(8/28/09)
In all Joker episodes, the man seems like something of an abstraction. He does not seem human, the way he evades the most disastrous of threats, laughs in the face of crippling defeat, and inflicts homicidal chaos with a big grin on his face. He is a manipulator, who wins even when he loses, and who doesn’t seem capable of being toyed with.
But in Joker’s Wild, he is our protagonist. The story begins with him and ends with him. It is his reaction to an outside interference that motivates his actions, not a spontaneous desire to disrupt the city or provoke Batman. Here, his emotions are toyed with and he is fooled into blowing up a casino so that owner Cameron Kaiser can collect the insurance.
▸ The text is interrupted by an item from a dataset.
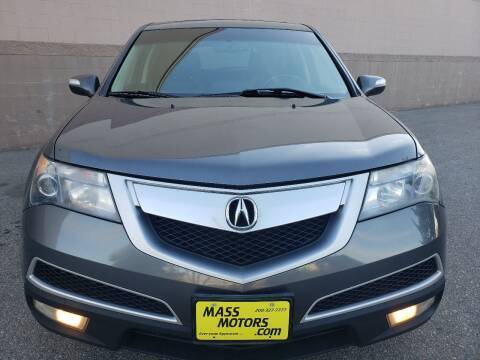 2011 Acura MDX AWD - cars & trucks - by dealer - vehicle automotive... for sale in Boise, ID – photo 12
Even Bruce Wayne gets in on the action, as he slyly mocks the Clown Prince of Crime when there is nothing he can do to retaliate. Batman takes a backseat here, almost serving as a distraction for the Joker as he attempts to blow up the casino. Writers these days put so much stock in that archetypal dead-serious opposition between Batman and the Joker that fun stories like this seem to no longer have a place in the mythos.
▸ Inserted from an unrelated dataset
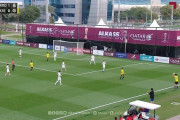 【動画】柏レイソルのU-15、PSGとマドリー下部相手にもシュートを決める！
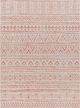 Surya Eagean Red 4'x6' Area Rug-0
Paul Dini, the master of the Joker narrative, writes a Joker who is perturbed, but who still retains his sinister edge. On a whim he escapes Arkham, and he is elusive and crafty as ever. He is under the illusion of control, that his revenge will be perfectly enacted and that Kaiser won’t know what hit him. When he learns that he is playing into a trap, how torturous for his ego. Note what he says to Kaiser in the helicopter, that he realized it would do better for him to run the show himself. Watch his malevolent grin and intentness on murder that rarely manifests itself so non-ironically. He is clearly not happy with the prospect of being toyed with. Rarely do we see a Joker with such emotional vulnerability.
What I further love is that the generic Gotham cityscape is not the arena for the action. It is a casino district, where Kaiser’s Joker’s Wild, is the talk of the town. When the locale becomes specific, the background design becomes that much more elaborate, and the entertainment value rises immensely. And naturally with casinos and casino owners, there accompanies hidden cameras, master plans, and customers who become peons in the villain’s grand design. We love that Joker, despite his motives, stays a while to have a little fun with the casino-goers. Yet if he knew he was being studied as a bug under a microscope, just like all the other people he so strongly detests, how would he feel about it?
I love this episode. I love it because it has car chases and desktop buttons that emit electric shocks. I love it because it takes the fun of a Joker story and paints over it a coat of character deconstruction. I love it because it is one of the few jobs by AKOM that don’t put a knife to my eyes. I am not claiming greatness for it, nor am I comparing it to Two-Face or Beware the Gray Ghost. But I am praising it for its simplistically appealing plot that demonstrates surprising adeptness in characterization and storytelling.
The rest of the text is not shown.